L entry of the Escondida copper mine on February 16, 2017 in Antofagasta, Chile. Martin BERNETTI
Employees of the Chilean copper mine in Escondida have signed Friday at the company, controlled by the Anglo-Australian giant BHP, an agreement that avoids a strike in the biggest deposit of the world, announced the direction.
The Sindicato N ° 1 of Trabajadores, main organization of the site, "the company announced its approval for the agreement reached during the conciliation process," the management said in a statement.
"After this ratification, this afternoon was the signing of a new collective agreement," she said.
The agreement was concluded as part of a mediation planned by law. The two parties agreed to resort to this conciliation after approval by the majority of the members of Sindicato No. 1, representing 2,500 members, of the principle of a new strike.
Last year, the Escondida mine was hit by a 44-day strike, the longest in the history of the Chilean mining industry.
The terms of the agreement signed on Friday were not announced by management or by the trade union. According to reports from the Chilean media, the two sides agreed on a final conflict bonus of about $ 28,000 and a salary increase of around 2.8%.
Employees initially claimed a bonus of $ 34,000 and a wage increase of 5%. The mining sector is one of the highest wage activities in Chile
The trade union announced that the Friday signed agreement was approved by 93% of its members.

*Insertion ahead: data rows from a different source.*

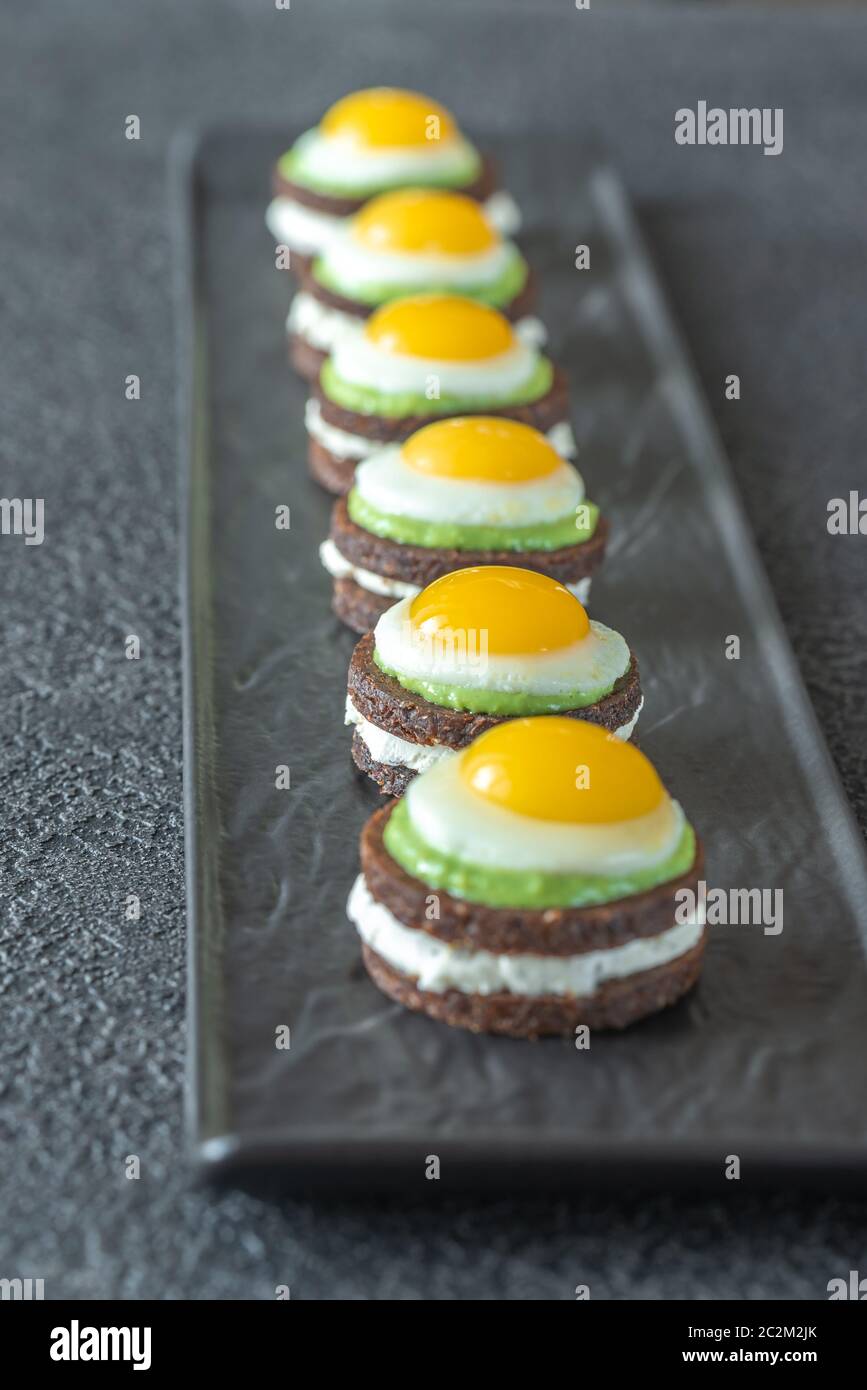 Canape avec fromage à la crème, guacamole et oeufs de caille frit sur la plaque Banque D'Images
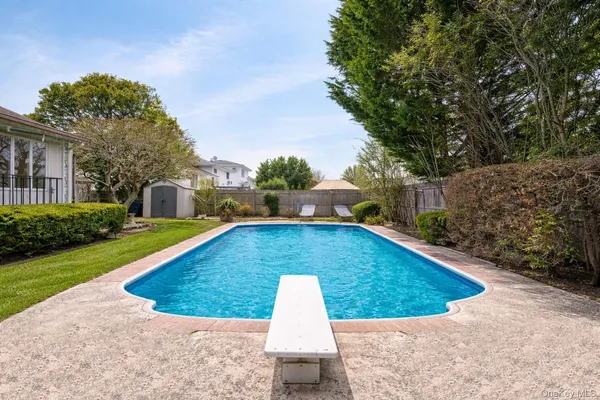 a view of a swimming pool with a yard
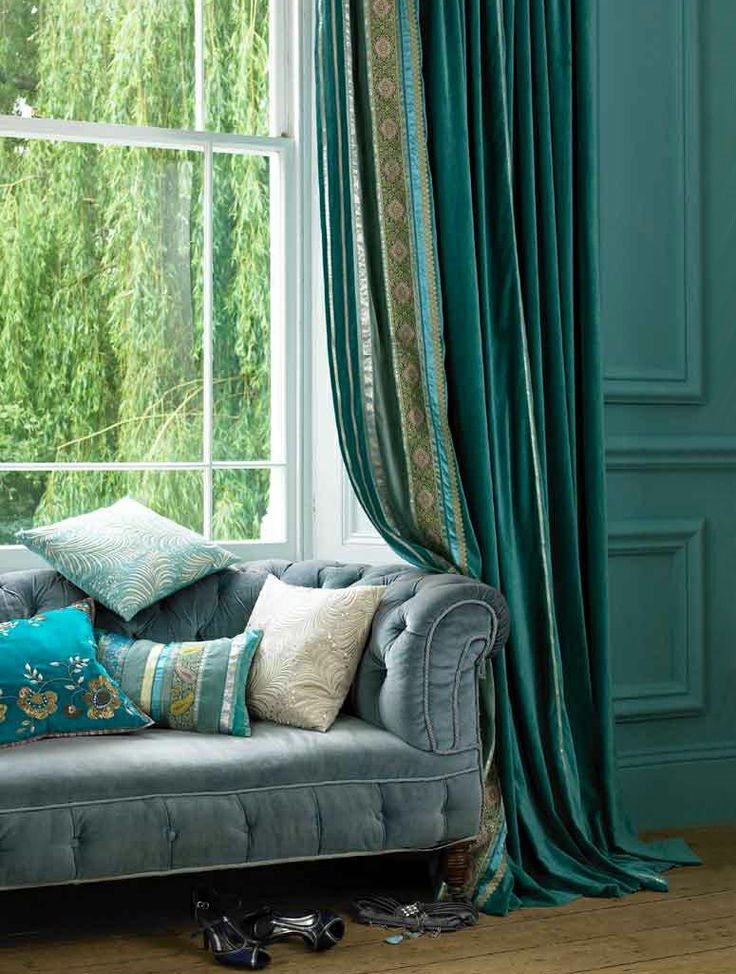 Smaragd draperier på fönstret bredvid soffan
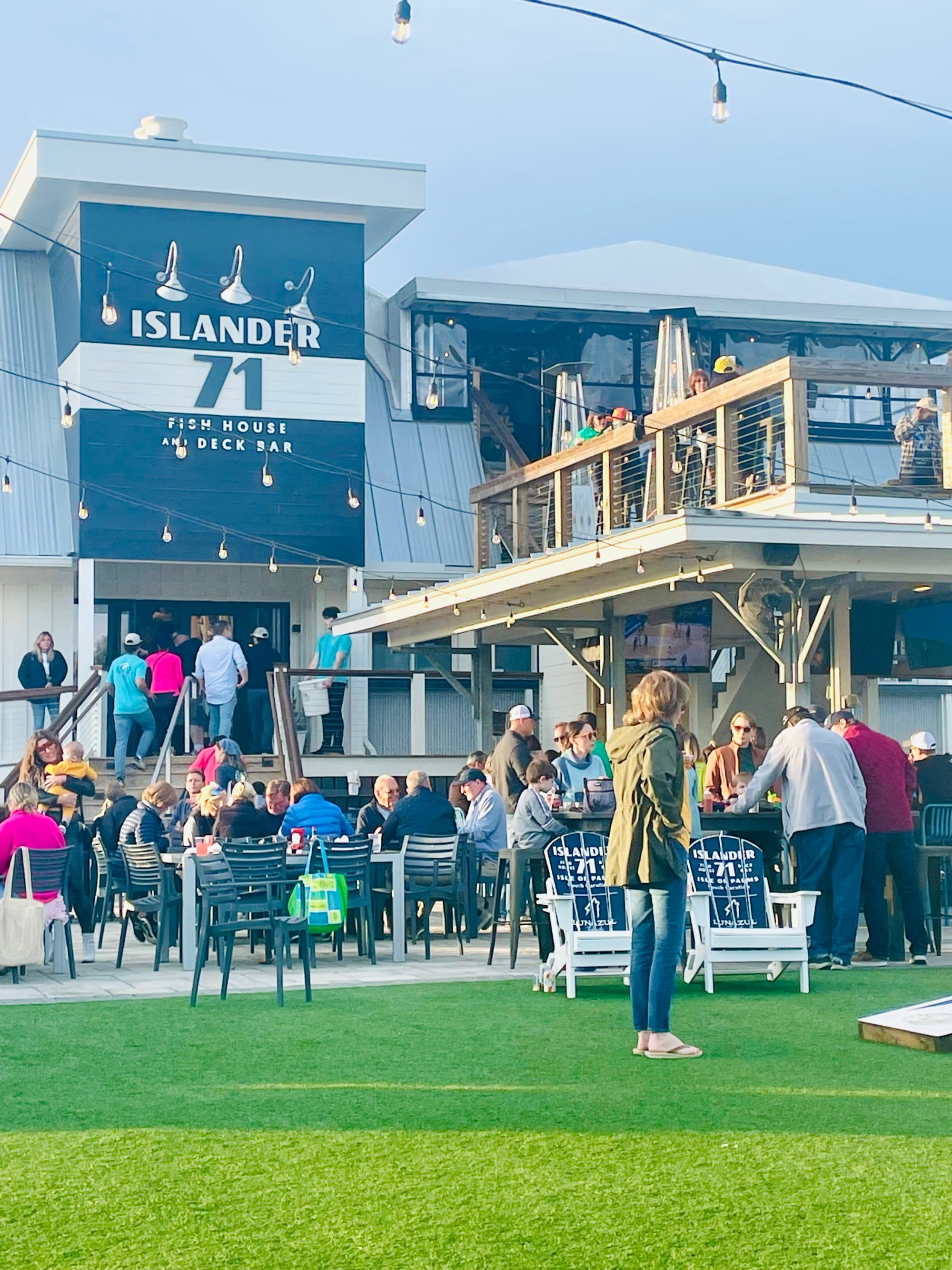 A group of people dining and socializing outside on a patio and lawn. There are string lights, a restaurant exterior and a wooden balcony in the surrounding areas.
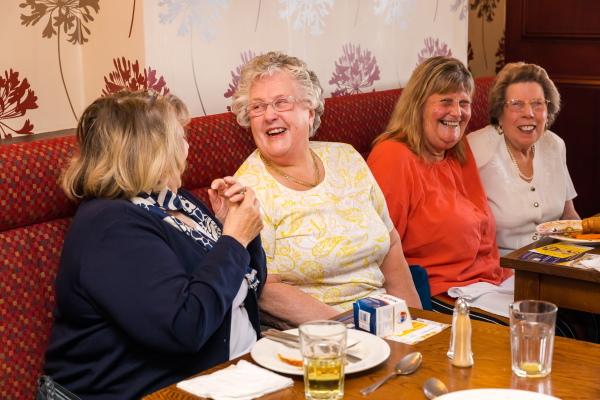 Four women laughing round a table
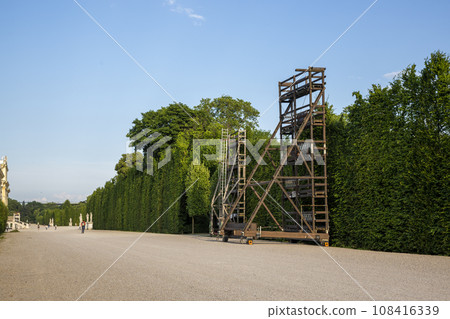 Construction for pruning trees and shrubs in the summer Imperial Palace Schoenbrunn Park 108416339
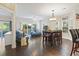 Inviting living area with hardwood floors, comfortable seating, and natural light from sliding glass doors at 1100 Commons Blvd. # 104, Myrtle Beach, SC 29572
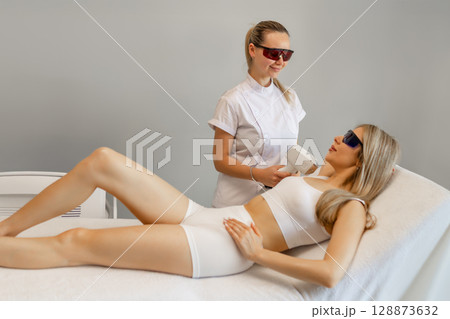 Hair removal procedure. Cropped shot of young fit woman client receiving laser hair removal procedure on body in beauty clinic. Women beauty and cosmetology concept Hair removal procedure. Cropped shot of young fit woman client receiving laser hair removal procedure on body in beauty clinic. Women beauty and cosmetology concept 128873632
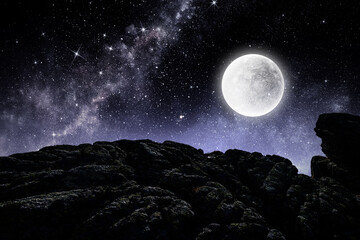 Wall Mural - bright full moon over dark mountain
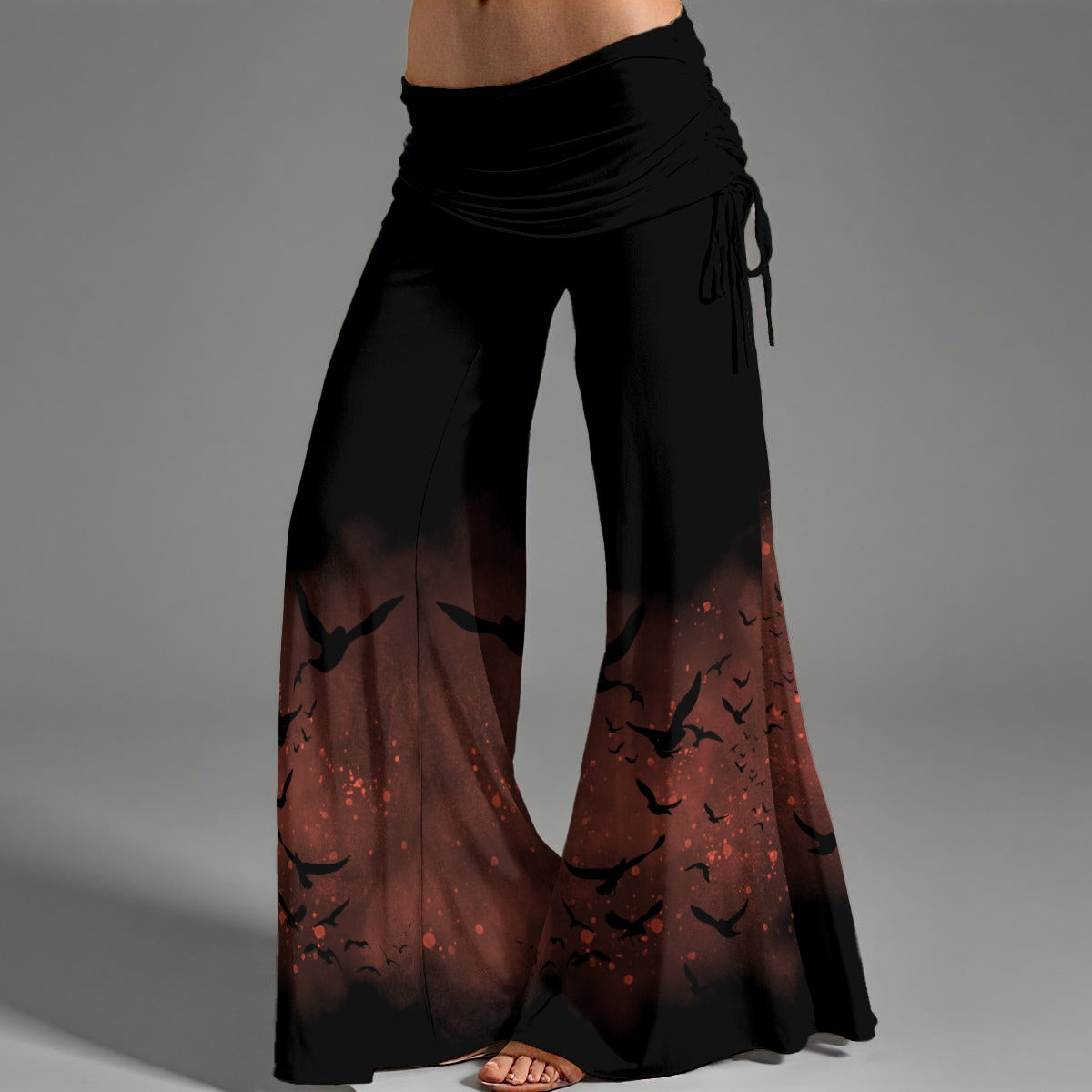 Black and red patterned pants with a gradient effect on a gray background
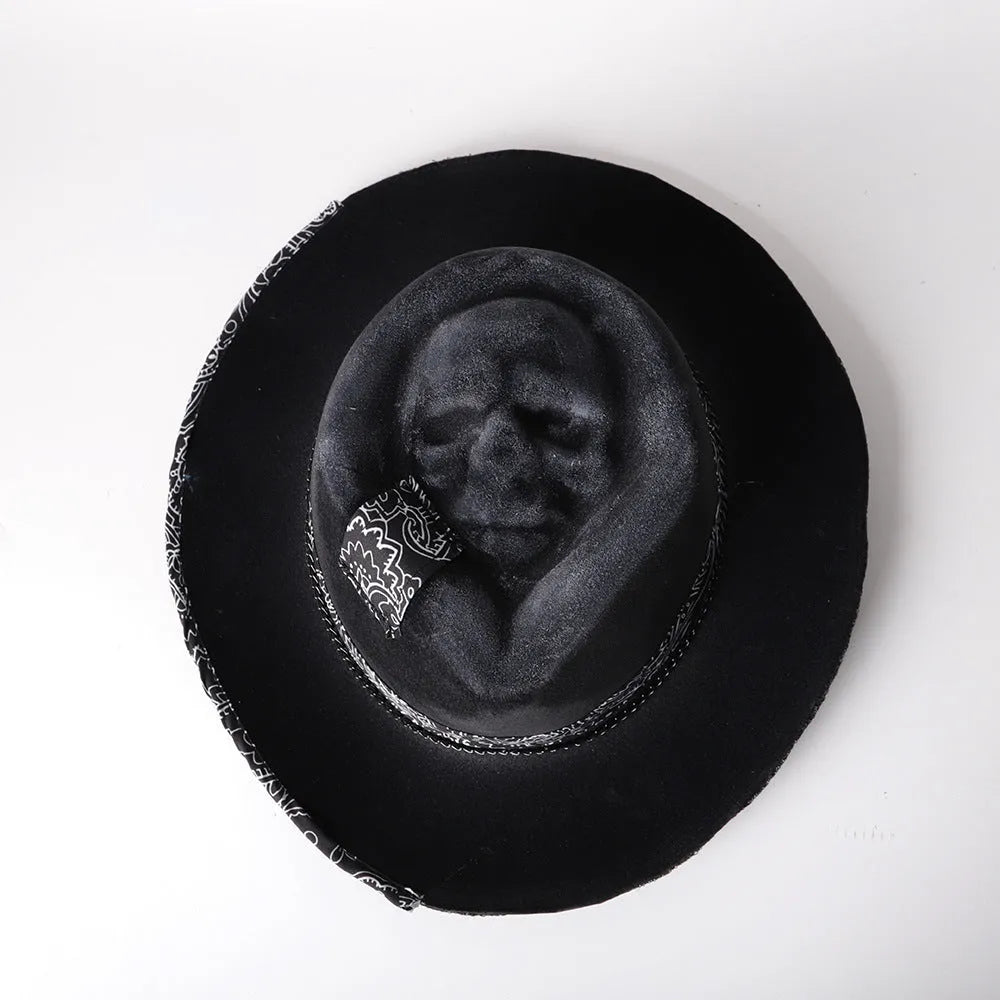 Handmade wool felt skull hat with conical crown showing integrated skull pattern design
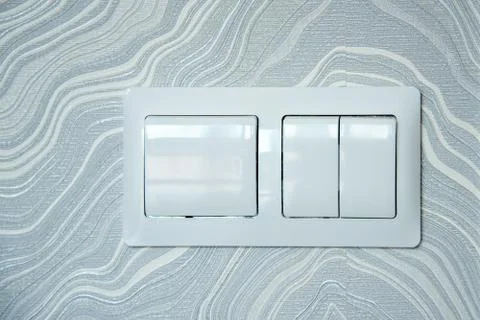 Closeup of two lighting switchs on abstract wallpaper background Stock Photos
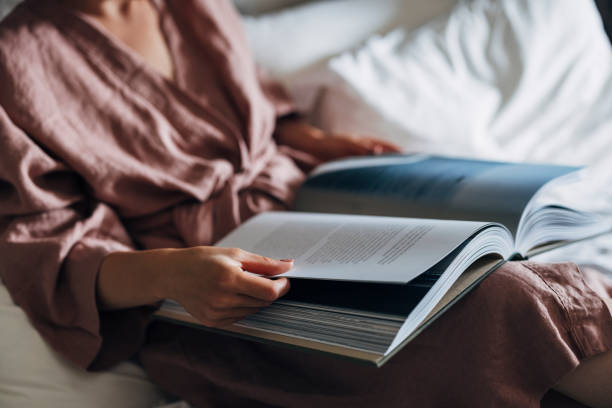 istock An Anonymous Woman Reading a Book in her Bed 1337645899
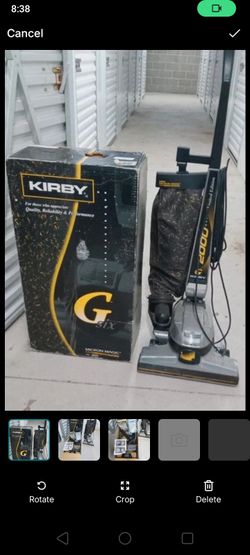 Kirby Vacuum cleaner and box of extra accessories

"We were able to defend our interests and we were able to continue with issues that had been postponed for a long time," said spokesman for the trade union Carlos Allendes.
The new contract is valid for three years and will only benefit the members of the Sindicato. No. 1.
The management has also expressed its satisfaction. For Patricio Vilaplana, a Minera Escondida manager, this is "an agreement that pleases employees and their families as well as Escondida's need to be reliable over time."
The 2017 strike had caused losses of $ 740 million to the company and resulted in a fall of nearly 1.3% of Chile's gross domestic product.
The government welcomed the development on Friday. "The country is winning with these agreements," Minister of Mines Baldo Prokurica said. "The employees benefit, the company gets security and the country also has the possibility that there is progress and development and that it generates taxes," he said.
The Escondida mine is located in the Atacama desert, in northern Chile, at 3,100 meters above sea level. It produces about one million tons of copper per year.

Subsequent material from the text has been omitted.